Source material below:
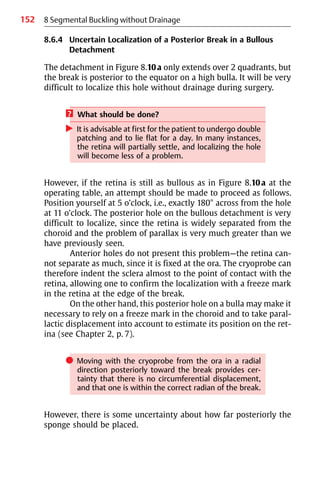 152 8 Segmental Buckling without Drainage
8.6.4 Uncertain Localization of a Posterior Break in a Bullous
Detachment
The detachment in Figure 8.10a only extends over 2 quadrants, but
the break is posterior to the equator on a high bulla. It will be very
difficult to localize this hole without drainage during surgery.
? What should be done?
왘 It is advisable at first for the patient to undergo double
patching and to lie flat for a day. In many instances,
the retina will partially settle, and localizing the hole
will become less of a problem.
However, if the retina is still as bullous as in Figure 8.10a at the
operating table, an attempt should be made to proceed as follows.
Position yourself at 5 o’clock, i.e., exactly 180° across from the hole
at 11 o’clock. The posterior hole on the bullous detachment is very
difficult to localize, since the retina is widely separated from the
choroid and the problem of parallax is very much greater than we
have previously seen.
Anterior holes do not present this problem—the retina can-
not separate as much, since it is fixed at the ora. The cryoprobe can
therefore indent the sclera almost to the point of contact with the
retina, allowing one to confirm the localization with a freeze mark
in the retina at the edge of the break.
On the other hand, this posterior hole on a bulla may make it
necessary to rely on a freeze mark in the choroid and to take paral-
lactic displacement into account to estimate its position on the ret-
ina (see Chapter 2, p. 7).
쎲 Moving with the cryoprobe from the ora in a radial
direction posteriorly toward the break provides cer-
tainty that there is no circumferential displacement,
and that one is within the correct radian of the break.
However, there is some uncertainty about how far posteriorly the
sponge should be placed.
End of Source material.
- Work instruction:
Leave out the images and copy all remaining data word for word.

- Result of this task:
 152 8 Segmental Buckling without Drainage
8.6.4 Uncertain Localization of a Posterior Break in a Bullous
Detachment
The detachment in Figure 8.10a only extends over 2 quadrants, but
the break is posterior to the equator on a high bulla. It will be very
difficult to localize this hole without drainage during surgery.
? What should be done?
왘 It is advisable at first for the patient to undergo double
patching and to lie flat for a day. In many instances,
the retina will partially settle, and localizing the hole
will become less of a problem.
However, if the retina is still as bullous as in Figure 8.10a at the
operating table, an attempt should be made to proceed as follows.
Position yourself at 5 o’clock, i.e., exactly 180° across from the hole
at 11 o’clock. The posterior hole on the bullous detachment is very
difficult to localize, since the retina is widely separated from the
choroid and the problem of parallax is very much greater than we
have previously seen.
Anterior holes do not present this problem—the retina can-
not separate as much, since it is fixed at the ora. The cryoprobe can
therefore indent the sclera almost to the point of contact with the
retina, allowing one to confirm the localization with a freeze mark
in the retina at the edge of the break.
On the other hand, this posterior hole on a bulla may make it
necessary to rely on a freeze mark in the choroid and to take paral-
lactic displacement into account to estimate its position on the ret-
ina (see Chapter 2, p. 7).
쎲 Moving with the cryoprobe from the ora in a radial
direction posteriorly toward the break provides cer-
tainty that there is no circumferential displacement,
and that one is within the correct radian of the break.
However, there is some uncertainty about how far posteriorly the
sponge should be placed.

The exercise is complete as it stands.